For the Schulte family, it is more like a whole bushel.

It’s a family affair in the Wentzville School District with a Schulte representative spread near and far.

At the core is John and Matt Schulte and their sister Ellen Eikel. John is the assistant superintendent of admission services for the district. Matt is the principal at the newly-opened Wabash Elementary and Ellen is a fifth-grade teacher at Lakeview Elementary.

But it doesn’t just end there. 

Both of John’s and Matt’s spouses also teach in the Wentzville School District while Ellen’s is an administrator in the Parkway School District. 

This lifelong dedication to education got its initial start over 40 years ago. The Schultes are lifelong St. Charles County residents and St. Dominic graduates. Their father, Steven, spent 32 years as a math teacher in the Pattonville School District and their mother, Barbara, was also a teacher. So were many cousins and aunts as well. 

Education has long been an important part of the family and it continues to be. It has been ingrained in the Schultes to do their part to put positive change in the community, whether it be a restaurant manager, teacher or some other sort of community service. 

Ellen, being the oldest, was the first to follow in her families’ footsteps. 

“Without a doubt, the biggest influence on my career was my dad,” Eikel said. “It felt like a calling. My entire family is always doing some sort of service. It’s how our family rolls. We see a need for help and we just do it.”

The brothers were both interested in a lot of different things. In high school, both were accepted into the Junior Achievement program where one of the obligations was to teach lessons to students in lower grades. Both brothers found the experience to be extremely rewarding. 

“I thought, maybe (teaching) is cut out for me,” Matt, 39, said. “And from there I kept going.”

The Wentzville School District has been booming and the Schultes have had a front row seat. Though they have each spent time in neighboring or nearby school districts, all of them have been with Wentzville long enough to see the numbers rise like mercury on a summer afternoon.

The district – with an estimated 16,000 students – has grown more than any other school district in the state over the past decade. With that growth has come 11 new schools built and the addition of 10,000 students since 2000.

With no slowdown in site, some speculate that the district could reach 22-23,000 in less than 10 years. Over this expansion, the district has dumped hundreds of millions into buildings including two elementary schools, Wabash and Stone Creek, opening this year.

“In the same week we are opening two buildings and it’s the second time this has happened in the last couple of years,” John Schulte said. 

This is John’s 15th year in the Wentzville district and has seen the growth happen right before his eyes. When the 41-year-old started, there were around 6,000 students in the district. 

“The new development hadn’t taken off, but it was on the verge,” he said. “At the time, you could follow I-70 and Highway N and watch it expand with new subdivisions.
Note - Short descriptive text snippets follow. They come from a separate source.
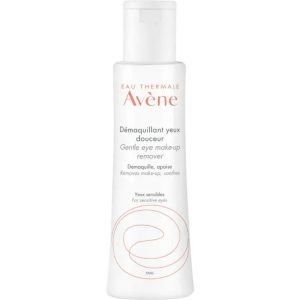 Avène Blagi odstranjivač šminke sa očiju 125 ml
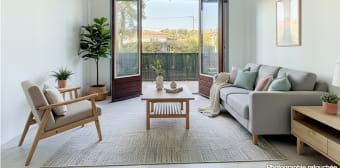 Image 2 - Appartement · Aix En Provence (13100) · 1 pièce · 19m²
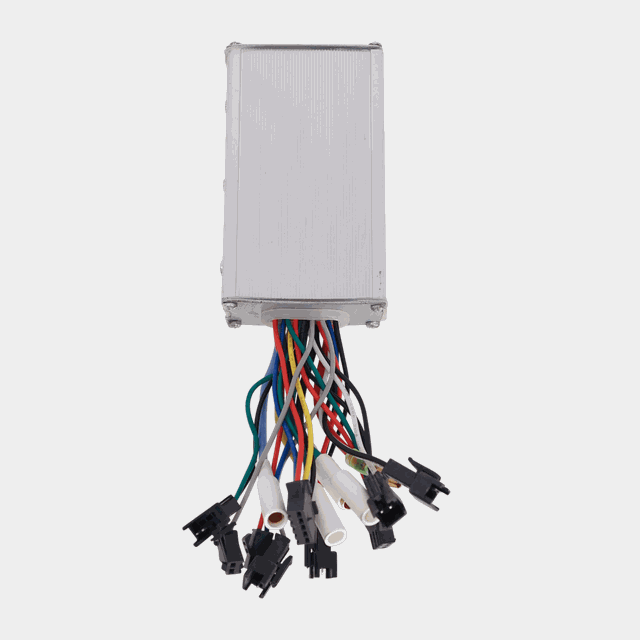 Spare part Controller Flash kontrollenhet - Reservdelar Cykel
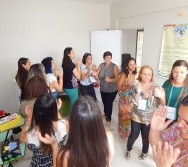 CHCV - ENCONTRO 3 - TÉCNICAS PARA CONTAR HISTÓRIAS I - TURMA 3 MATUTINO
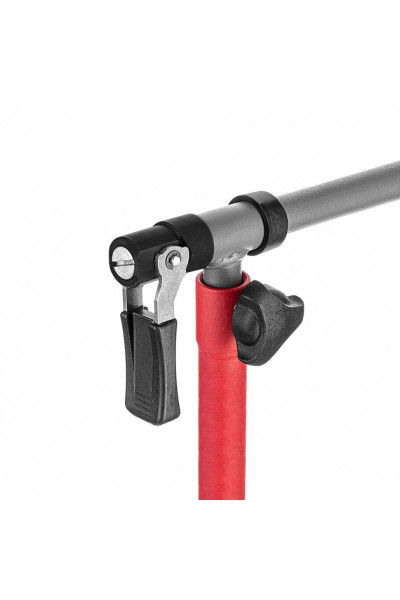 Ледобур Тонар Buran 180L (диаметр 180 мм) двуручный, левый, прямые ножи LB-180L Ледобур Тонар Buran 180L (диаметр 180 мм) двуручный, левый, прямые ножи LB-180L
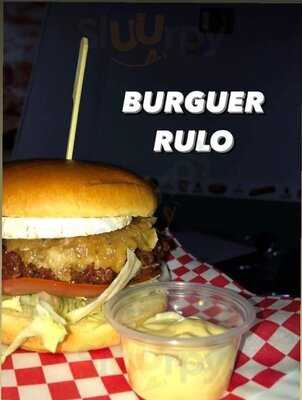 Menacho Burguer Pizza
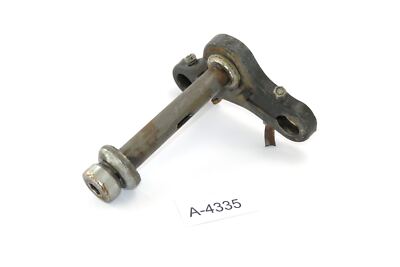 Zundapp KS 50 530 GTS 50 517 - lower triple clamp A4335 | eBay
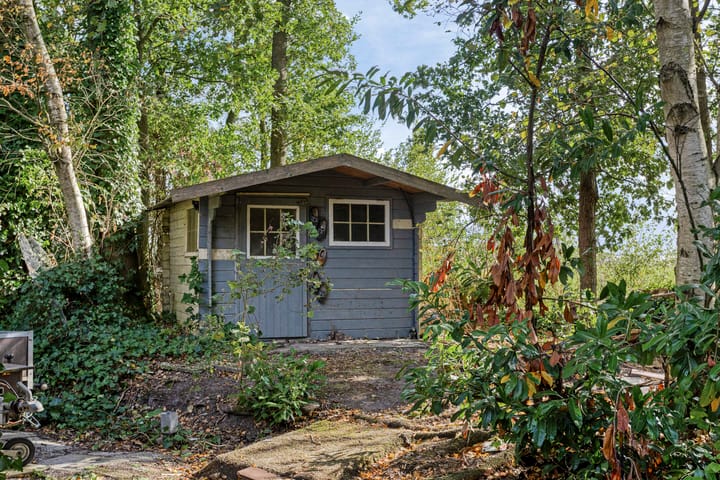 Foto 36 van Compagnonsweg 14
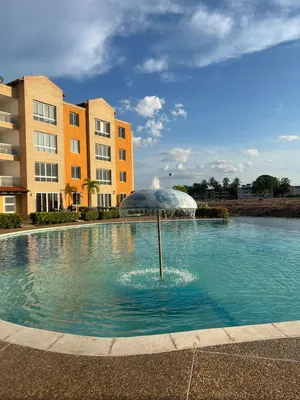 Apartamento en alquiler vacacional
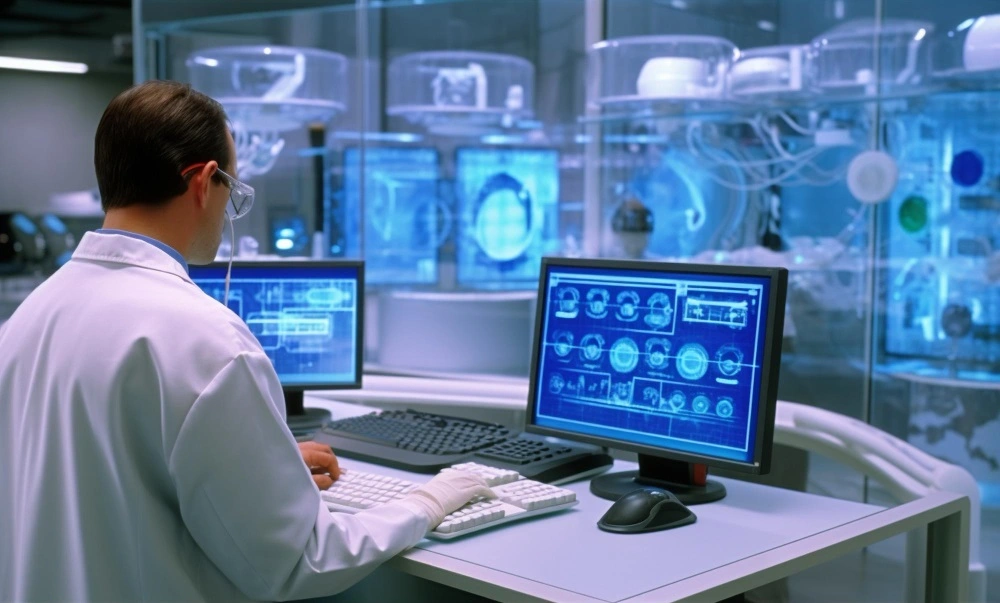 medical device software development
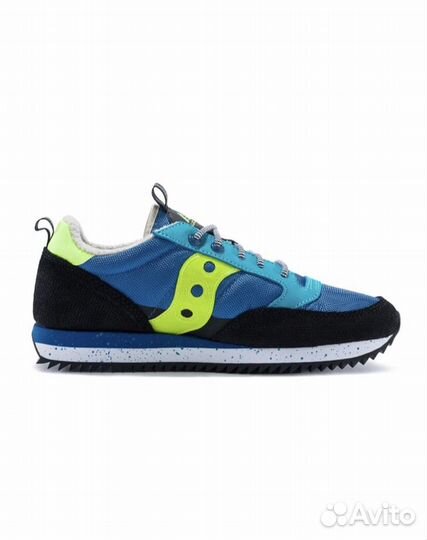 Кроссовки saucony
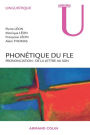 Phonétique du FLE: Prononciation : de la lettre au son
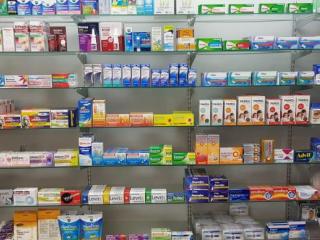 Cough & Cold Medicine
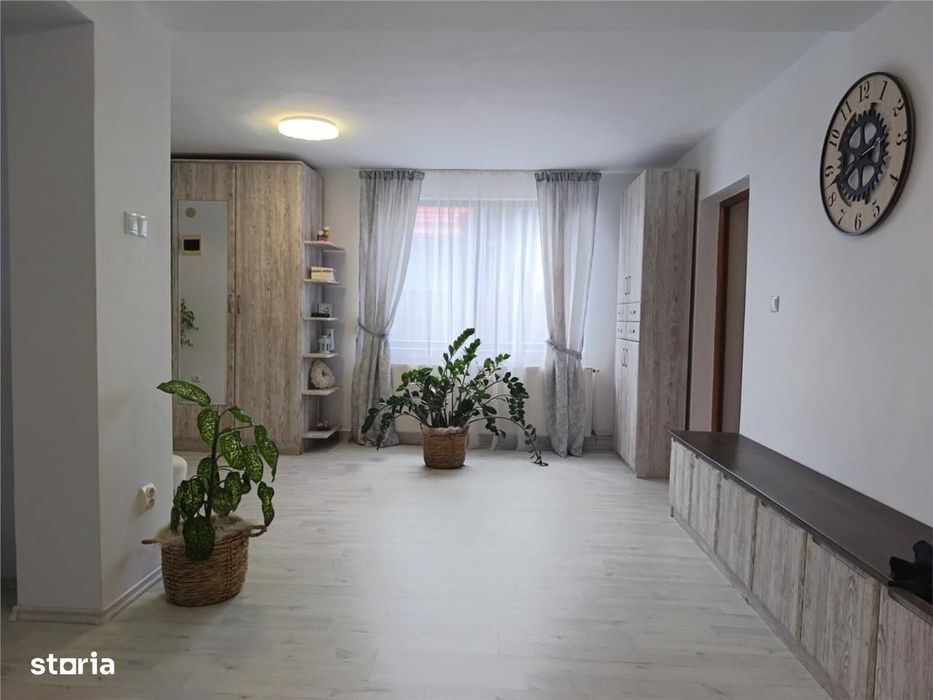 Casa Cristesti Teren 720 mp  E60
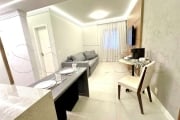 Flat La Residence Paulista disponível para venda com 40m², 1 dormitório e 1 vaga de garagem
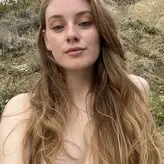 meg.modelling голая #0001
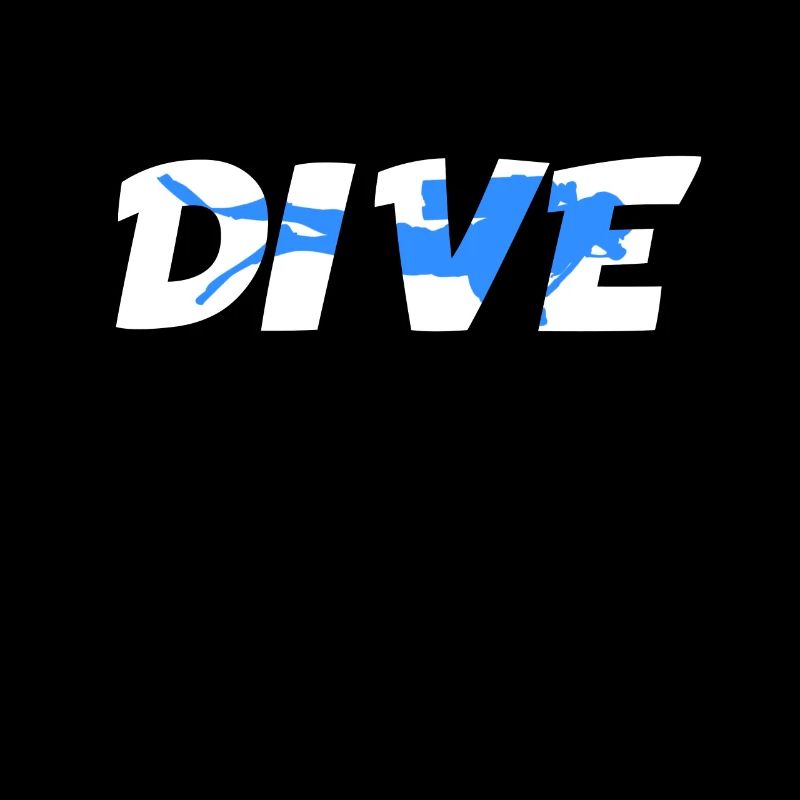 Scuba Diving Plongeur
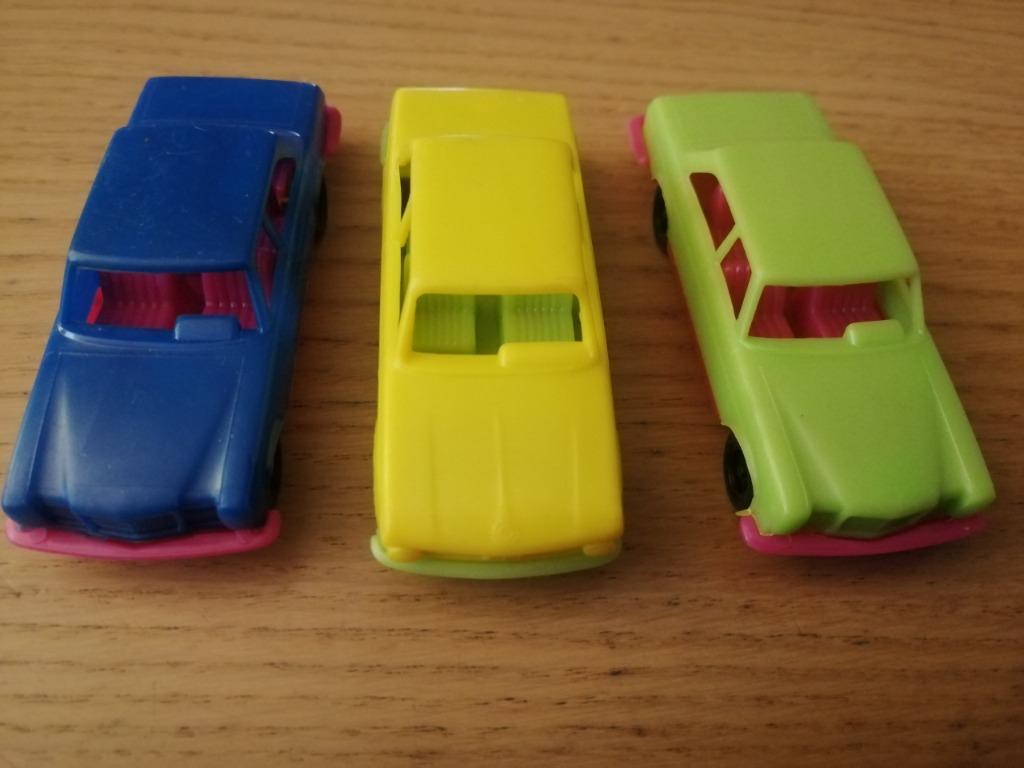 Voiture Miniature Mercedes & BMW Made in Monaco 1/48, Hobby & Loisirs créatifs, Voitures miniatures | 1:43, Enlèvement ou Envoi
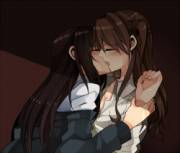 Rin And Uzuki [Cinderella Girls]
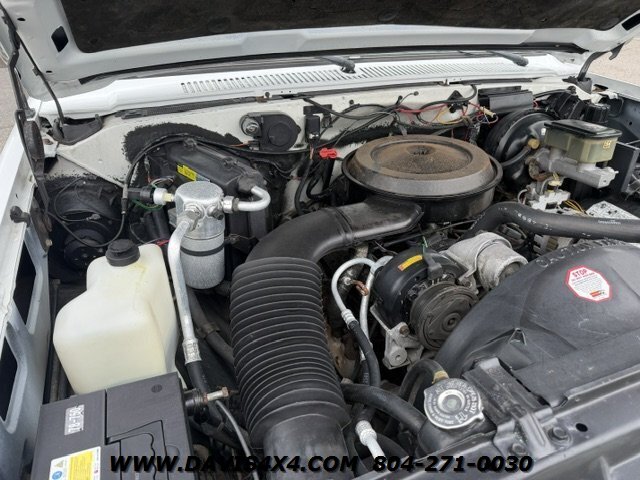 1990 GMC Suburban V1500 Squarebody 4x4 - Photo 31 - North Chesterfield, VA 23237
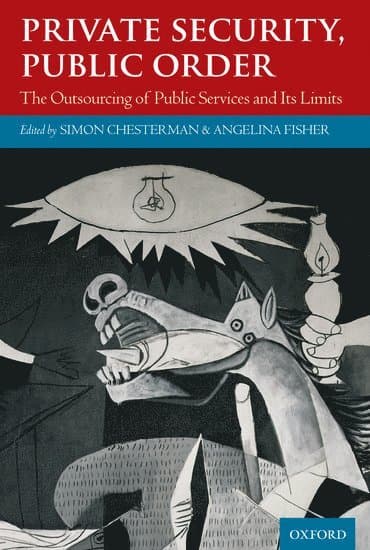 Simon Chesterman best book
It’s unique to be a part of. I got to see the overall community grow. We got to see which part was going to blow up with housing next.”

At the recently-opened Wabash Elementary, Matt feels the growth firsthand.

“There are so many neighborhoods circling me that are either in phase two or three of construction and others they are just breaking ground,” Schulte said. “The growth continues to push from every perspective. At Wabash, we were expecting 750 students in August and, as of today, we are at 805.”

There doesn’t look to be a plateau as nearly 1,500 new residential building permits were issued in 2016.

“Every year we are getting 5-600 student increase and that rejuvenates everyone,” Schulte said. “It’s a lot of work and pre-planning but the excitement of it, whether it’s with the employees or the community, weighs more than that.”

After school hours, if it’s a nephew’s birthday or a big holiday, the Schulte’s try their best to keep the shop talk to a minimum.

“It’s a lot more about what the kids are up with all of their activities and athletics,” John said.

But eventually, the conversation turns. It is almost impossible for it not to.

“Inevitably it circles back to different trends in education, what we see, what we hear,” Matt said. “We compare notes and ideas.”

“We throw out lot of acronyms and talk a lot of lingo,” Eikel said. “The others are bored to death, but we enjoy it.”